A María Luisa se le encharcaron los ojos con unas lágrimas que tenían más de sesenta años de edad. Beatriz le tomó de la mano con dulzura."
"Desde pequeño mi gran pasión fue el espectáculo. En concreto desde que a los diez años, el taller de cómicos itinerante «El Carromato de los Locos de Amor», para todos sencillamente «Los Locos», de Crístomo de la Fuente, recalara durante su gira estival en la Plaza de la Victoria, antigua Plaza de los Mártires, de Benamedina. Llegaron embozados en una nube de polvo cuando el sol ya doraba los olivos y estiraba las sombras, en un coro de quejidos por las mecánicas anquilosadas y oxidadas de sus vehículos y haciendo sonar las bocinas a modo de fanfarria militar. Eran hombres y mujeres de escasas carnes, bronceados, casi de piel cuarteada por el plomizo sol de los caminos y de emociones caducadas, la mayoría antiguos republicanos que ocultaban su miedo a la delación y la cárcel en la bohemia, en el desarraigo, entre las penurias por los escasos o ningún rédito de la labor de actor. Llegaban hermanados por un mismo deseo de representar otras vidas distintas a las que les tocó vivir, deficientes, siempre a salto de mata, con el único obsesivo propósito de llenar sus panzas. Pero no por ello les faltaba la sonrisa y el buen humor, del que hacían gala en especial cuando, una vez finalizada la representación de la noche, la compañía se replegaba alrededor de una hoguera para repartirse lo que cada uno había chorado durante el día. Un cuarto de queso, un currusco de pan marrón reseco, una cuarta de algarrobas, un gato despistado... y con los postres, aún con un hambre insaciable, los comediantes escuchaban las palabras de su director, en silencio, mientras recontaban en la noche las estrellas de la noche anterior, por si alguna se hubiera perdido.

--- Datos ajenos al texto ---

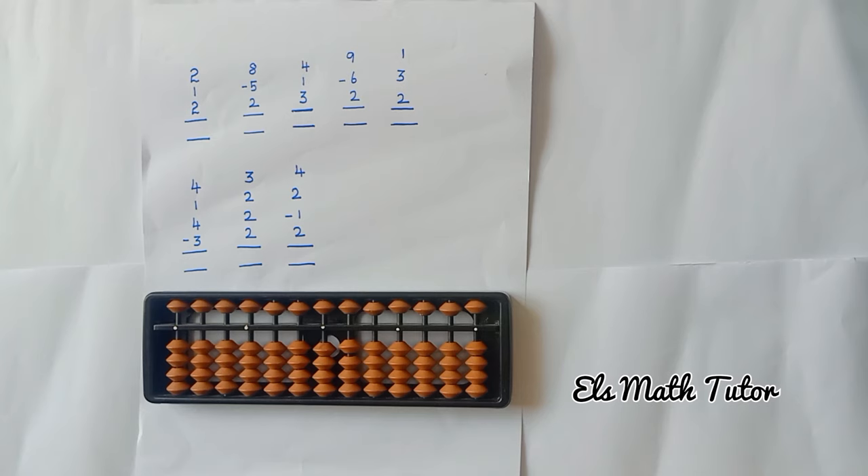Hi everyone, welcome to L's Math Duta channel. In this video, we are going to discuss about 5's Complement. Did you remember in the last video, the previous class, we discussed about small friends addition, that is the plus 1 formula. In this class, we are going with plus 1 and plus 2 formula.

-Y que no os quepa la menor duda, compañeros, nosotros somos los herederos directos del teatro popularizado, el intuitivo, el trotón, somos los ganapanes del arte escénico. El último vestigio del teatro cómico profano.
Don Crístomo recalcaba las tres sílabas de la última palabra y pegaba un trago largo al botijo en el que ya escaseaba el vino a granel. Yo les observaba oculto entre los vehículos, fascinado por la manera en la que las sombras y la luz movediza del fuego iba contorneando y transformando sus rasgos, gestos, siluetas, y en general todas sus formas físicas. El vino se encargaba de transformar su alma."
"-¡Eh tú, mocoso!
Don Crístomo era alto y flaco como la figura de un loco, pero acentuado si cabe por ese bigotillo y perilla que le alargaban y enjutaban aún más su rostro. Su voz era profunda, tanto que retumbaba sobre el escenario cuando amenazaba con propinar una paliza al bachiller espabilado, tanto que paralizaba a quien hablaba, como me ocurrió a mí en ese instante. Tenía el torso desnudo, donde se marcaban las costillas y donde se enredaban apenas cuatro pelos en un pecho hundido y desinflado. De cintura para abajo aún llevaba la ropa de la representación de la noche, unos calzones ajustados a unas piernitas raquíticas y una enorme cojonera que en los primeros instantes de su entrada en el escenario había sido motivo de risas y burlas entre las mujeres del pueblo, excesos acallados por el actor lanzando una de sus miradas de reprimenda pero que no hacían sino doblar el caudal de risas. A mí sin embargo me sobrecogía, me parecía un hombre un escalón por encima de lo humano, capaz de vivir varias vidas en una y ninguna al mismo tiempo, de transmitir sentimientos de odio o amor, de venganza y de humildad, y sobre todo capaz de hacer reír a los demás cuando no había motivos a nuestro alrededor para el regocijo. El hambre y la resignación eran grilletes a los que estaban encadenados los que sobrevivieron a la guerra y con una condena semejante era imposible encontrar motivos para reír. El miedo, y aunque era niño no por ello dejaba de notarlo, venía a sellar cualquier conato de esporádica felicidad. Por eso la presencia cada verano de la compañía itinerante de don Crístomo de la Fuente era motivo de dispensas en el pueblo. Traía un carromato cargado de ventanas por las que asomarse a otros mundos, irónicos, desenfadados, provocativos y a la postre, al lado opuesto de la cotidianidad.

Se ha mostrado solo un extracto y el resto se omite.